Process Mining in Application Maintenance and Support — Part 1

I write about Process Mining not as a master but as a humble practitioner. There are many and superior articles and analysis, written by academicians and statisticians. Sometimes my reaction, as a practitioner, has been; can we have “plain English” please? I have tried to stay away from the formulae, attempting to focus on how Process Mining can assist with answers to issues in the industry.

This series is a dedication to that humble application log that needs its place in the sun. For many years these logs were banished to system administrators using “geeky tools” to analyze them. The study of logs has progressively become “easier” with process mining tools. Applications have moved higher on the scale of “ease of use”/ “low code or zero code” enabling inclusivity of Business/Process Analysts and System Architects.

It is difficult to write a single analysis that addresses Business and Technical practitioners. I have attempted to split this article so please feel free to read as many sections as you feel are relevant. This part introduces the potential areas to use Process Mining. The subsequent 2 parts explore how process mining gets to answer the questions and potential areas that we spoke off in this part.

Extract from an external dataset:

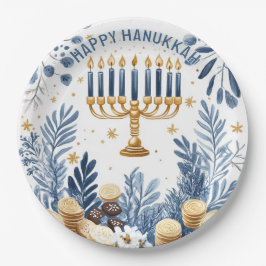 Prato De Papel Celebração do Hanukkah em Aquarela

So how can Process Mining help? I do not intend to replicate what innumerable articles have done. We have used process mining to validate conformance to standard procedures and reporting. These are some typical scenarios below, you may relate to any or all of them:

Possible scenarios

In the subsequent article, I intend to take Application Management and Support. Maintenance teams use a service desk application to manage (record/track/close) customer requests/ incidents. We will work with actual logs to see if we can find answers from application logs made available and how these can help us.

What’s in Part 2:

We review the actual logs from a Bank’s service desk application. Log filtering for relevance and size to obtain reasonable computation time. Reverse engineer the process from the given logs! And determine some bottlenecks.

Your comments are welcome.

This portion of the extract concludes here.